=== What needs to be done ===
Repeat exactly the lines of the records below, starting at the line containing "Skeem - Unisex" and ending at the line containing "第2藤マンションの和室". Leave the pictures out.

=== Records shown ===

┌──

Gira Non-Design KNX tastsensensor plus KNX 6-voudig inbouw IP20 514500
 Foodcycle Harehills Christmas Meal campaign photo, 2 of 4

└──
┌──

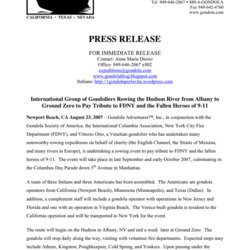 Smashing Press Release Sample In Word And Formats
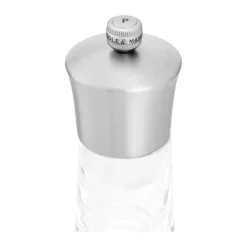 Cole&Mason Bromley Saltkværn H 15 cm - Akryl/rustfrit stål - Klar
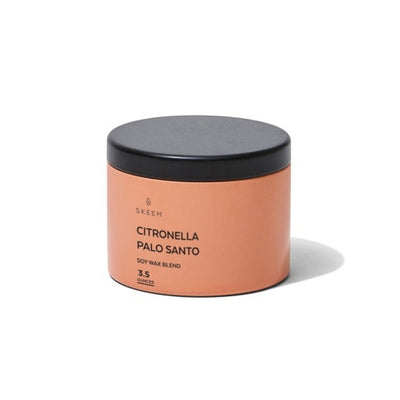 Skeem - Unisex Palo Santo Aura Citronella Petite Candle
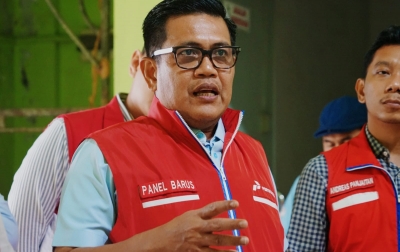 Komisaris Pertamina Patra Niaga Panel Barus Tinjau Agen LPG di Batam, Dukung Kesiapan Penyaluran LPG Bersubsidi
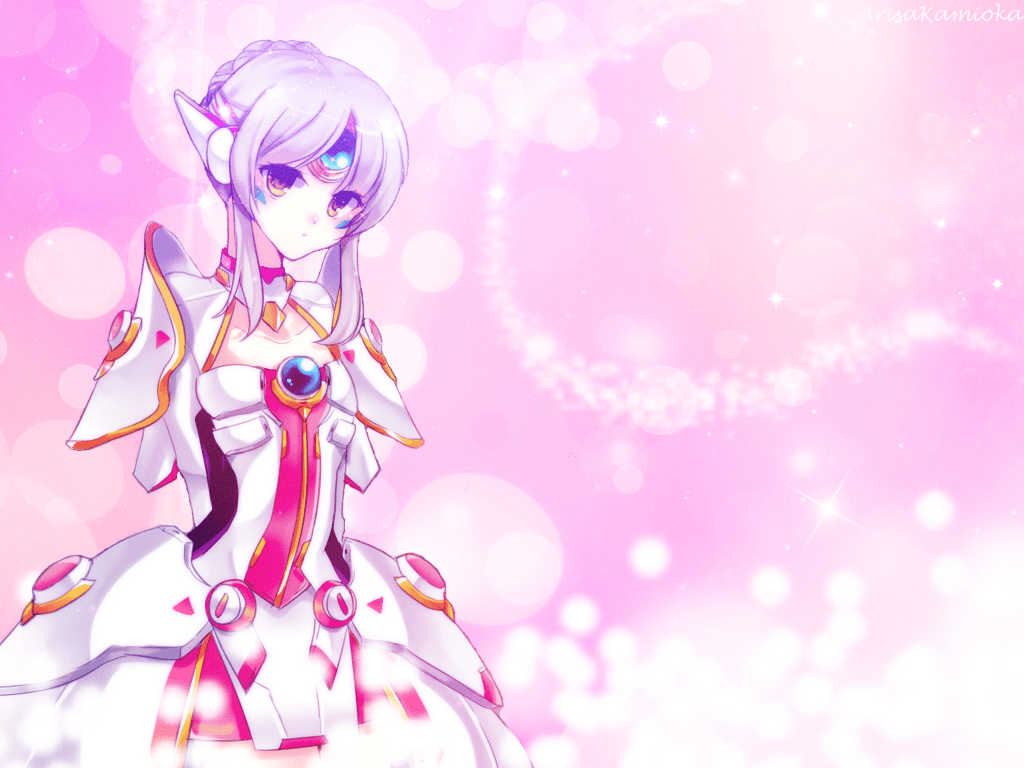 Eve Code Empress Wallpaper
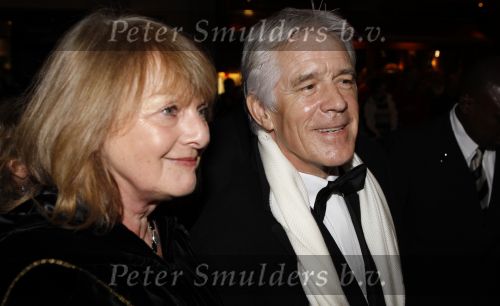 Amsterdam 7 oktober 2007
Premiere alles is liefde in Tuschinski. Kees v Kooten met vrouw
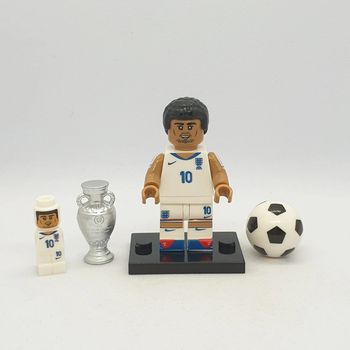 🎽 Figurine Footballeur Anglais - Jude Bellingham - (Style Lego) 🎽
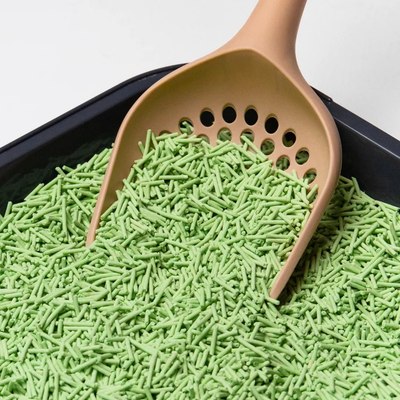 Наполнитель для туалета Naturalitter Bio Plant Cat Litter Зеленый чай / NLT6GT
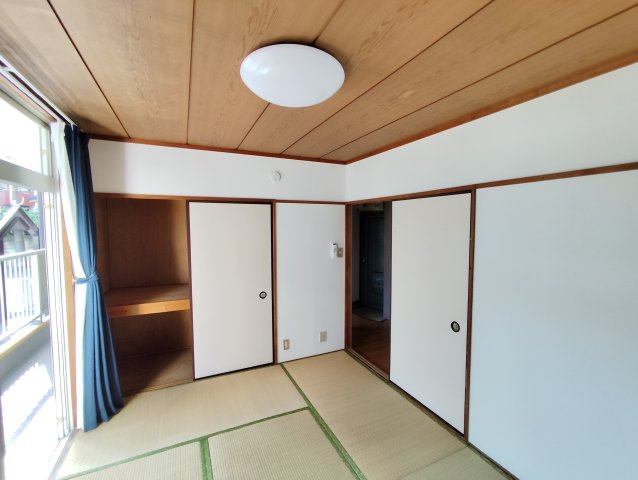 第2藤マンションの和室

└──

=== The completed task ===
 Skeem - Unisex Palo Santo Aura Citronella Petite Candle
 Komisaris Pertamina Patra Niaga Panel Barus Tinjau Agen LPG di Batam, Dukung Kesiapan Penyaluran LPG Bersubsidi
 Eve Code Empress Wallpaper
 Amsterdam 7 oktober 2007
Premiere alles is liefde in Tuschinski. Kees v Kooten met vrouw
 🎽 Figurine Footballeur Anglais - Jude Bellingham - (Style Lego) 🎽
 Наполнитель для туалета Naturalitter Bio Plant Cat Litter Зеленый чай / NLT6GT
 第2藤マンションの和室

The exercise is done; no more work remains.